Residents, Tourists Deal with Increased Highway 278 Traffic

Highway 278 on Hilton Head Island. Highway 278 on Hilton Head Island.

If you've ever been to Hilton Head Island, you know how bad the traffic can get on Highway 278. Things have been even worse lately with all the construction. And now with the Verizon Heritage, even more cars will be on the road.

Lately, the people who drive 278 every day have been suffering through some pretty long commutes, but they are anticipating all the additional traffic and making adjustments to work around it.

"You have to do a lot of planning so you can get to where you need to on time, that's for sure," said Mary Ann Hedemark, who lives at Sea Pines.

"You know not to go to the grocery on Saturday," noted fellow resident Jane Zwerner.

But it's not just the people who live there who have to make adjustments. The tourists do, also.
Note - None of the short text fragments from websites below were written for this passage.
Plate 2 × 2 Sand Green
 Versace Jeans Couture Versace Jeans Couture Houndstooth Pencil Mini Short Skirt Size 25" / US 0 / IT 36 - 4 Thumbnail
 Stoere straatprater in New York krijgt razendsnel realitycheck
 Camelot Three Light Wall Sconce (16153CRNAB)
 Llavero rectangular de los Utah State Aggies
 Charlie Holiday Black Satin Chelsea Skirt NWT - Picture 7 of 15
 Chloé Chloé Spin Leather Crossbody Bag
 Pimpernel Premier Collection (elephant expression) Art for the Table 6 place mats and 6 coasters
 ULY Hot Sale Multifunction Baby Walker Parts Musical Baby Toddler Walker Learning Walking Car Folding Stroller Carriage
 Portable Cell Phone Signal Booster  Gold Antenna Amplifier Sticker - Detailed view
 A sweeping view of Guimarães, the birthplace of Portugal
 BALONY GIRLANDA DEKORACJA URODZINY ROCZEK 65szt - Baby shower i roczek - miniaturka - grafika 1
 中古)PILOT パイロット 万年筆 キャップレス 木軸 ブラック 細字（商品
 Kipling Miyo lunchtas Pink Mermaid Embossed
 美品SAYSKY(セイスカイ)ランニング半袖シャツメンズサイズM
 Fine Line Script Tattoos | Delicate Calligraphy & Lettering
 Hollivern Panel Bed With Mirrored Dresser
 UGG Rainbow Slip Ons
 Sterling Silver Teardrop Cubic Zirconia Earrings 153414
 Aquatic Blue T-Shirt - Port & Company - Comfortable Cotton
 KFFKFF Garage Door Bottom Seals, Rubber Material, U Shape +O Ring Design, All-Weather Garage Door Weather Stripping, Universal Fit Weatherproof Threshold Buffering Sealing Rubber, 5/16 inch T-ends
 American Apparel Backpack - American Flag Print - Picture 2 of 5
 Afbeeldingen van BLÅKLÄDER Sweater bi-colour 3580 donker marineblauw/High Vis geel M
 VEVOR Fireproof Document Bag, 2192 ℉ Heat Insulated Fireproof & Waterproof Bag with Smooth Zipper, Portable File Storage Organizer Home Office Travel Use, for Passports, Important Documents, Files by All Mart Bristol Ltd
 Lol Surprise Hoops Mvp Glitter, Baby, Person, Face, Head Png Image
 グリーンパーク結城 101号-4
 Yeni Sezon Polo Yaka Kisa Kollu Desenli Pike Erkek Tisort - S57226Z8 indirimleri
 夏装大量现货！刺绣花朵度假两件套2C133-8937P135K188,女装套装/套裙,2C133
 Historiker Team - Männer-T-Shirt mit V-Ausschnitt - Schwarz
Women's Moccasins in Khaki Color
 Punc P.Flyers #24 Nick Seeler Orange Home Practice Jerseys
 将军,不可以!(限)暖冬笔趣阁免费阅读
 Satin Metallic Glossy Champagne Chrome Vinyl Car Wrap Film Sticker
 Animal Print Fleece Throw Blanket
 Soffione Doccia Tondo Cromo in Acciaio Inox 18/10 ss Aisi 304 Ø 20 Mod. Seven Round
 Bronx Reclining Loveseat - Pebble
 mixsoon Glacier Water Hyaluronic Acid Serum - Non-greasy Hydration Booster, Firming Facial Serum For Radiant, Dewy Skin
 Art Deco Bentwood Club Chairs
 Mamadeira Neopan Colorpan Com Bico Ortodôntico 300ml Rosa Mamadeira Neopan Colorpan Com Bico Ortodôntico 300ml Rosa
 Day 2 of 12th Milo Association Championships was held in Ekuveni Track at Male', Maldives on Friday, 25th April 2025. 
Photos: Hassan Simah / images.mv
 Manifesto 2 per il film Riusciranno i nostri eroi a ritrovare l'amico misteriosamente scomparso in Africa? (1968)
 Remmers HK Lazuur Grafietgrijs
Dean Rowel from Charleston told us, "We rent in Sea Pines and sometimes we rent a year ahead so we avoid the traffic."

Even those here for reasons other than the Heritage find themselves waiting for one thing or another. "Our biggest challenge is trying to ride our bike in the traffic," said Mary Ellen Miller from New York. "There's a lot more people, but we still enjoy it."

The Verizon Heritage may bring more traffic to the island than before, but some like Dean Rowel remember a time when it was worse. "I've been coming to the Heritage since I was 25 years old when the old Hilton Head Island bridge would go out," he recalled. "And I was a school teacher and we would get stuck here and have to call in and say we wouldn't be at school."

And even with all the traffic, many say coming to the tournament is worth it. "That's part of the package, having the crowds," said Rowel. "Otherwise no one will be here. That's how we see it."

Sheriff PJ Tanner tells us he has a special task force in place starting tomorrow to help keep traffic on 278 flowing. "Their primary function is to stay mobile, work traffic accidents we may have, be there if we have stranded motorists or calls for service," he said. "We'll see a spike."

And hopefully that will help keep the roadways clear.